DB Invest, a member of the IDB Group, has awarded a USD 125 million financial package to Engie Energía Chile, a subsidiary of the Engie Group, in a bid to accelerate the decarbonization of the country’s electricity sector. The funds, with a period of up to 12 years, will be used to build, operate and maintain the Calama wind farm with an installed capacity of approximately 151 MW, which will be located in the vicinity of the city of Calama, in the Antofagasta region. The project is part of Engie’s energy transformation plan, which in addition to the successive closure of its coal-fired units, considers developing more than 1,000 MW of wind and solar initiatives in Chile over the next few years.
The innovation of the operation comes from the structuring of a pilot financial instrument aimed at accelerating decarbonization activities in Chile, by monetizing the actual displacement of greenhouse gas emissions avoided by the early closure of coal-fired power plants and replaced by clean technology projects.
The financial package consists of a senior IDB Invest loan of USD 74 million, USD 15 million of mixed funding from the Clean Technology Fund (CTF) and USD 36 million from the Chinese Co-Financing Fund in Latin America and the Caribbean (China Fund). The financing structure sets a minimum price for emissions that is offset by a lower financing cost in the loan tranche granted by the CTF. A methodology tailored to the project has been developed for the accounting of displaced GHG emissions. It is expected to serve as a model and be replicable in other projects in Chile and Latin America and the Caribbean, with the aim of accelerating the energy decarbonization of the region.
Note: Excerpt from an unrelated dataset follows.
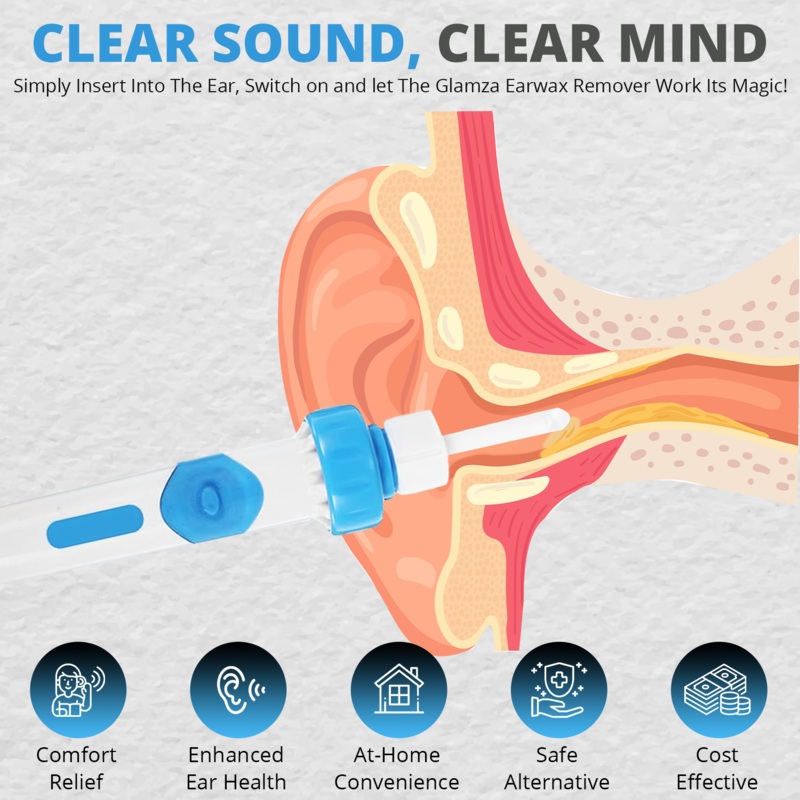 Glamza Vacuum Ear Cleaner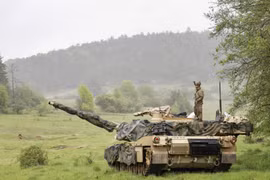 Xem sức mạnh xe tăng Abrams của Mỹ chuẩn bị chuyển cho Ukraine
The agreement to develop this instrument was announced during the United Nations Climate Change Conference (COP25) in 2019, and will potentially contribute to Sustainable Development Goals 7 and 13. IDB Invest, through its Invest in Reverse strategy, joins forces with various private sector actors, innovating financially to help countries in the region meet their goals in the Paris Agreement, such as Chile’s decarbonization plan, which provides for the gradual closure of its 28 thermoelectric plants between 2019 and 2040. These plants, which will be replaced by those using renewable energy, accounted for 35 per cent of the country’s electricity production by 2020. Eight of them will be withdrawn in the first five years of the plan, which will reduce emissions by 20 per cent.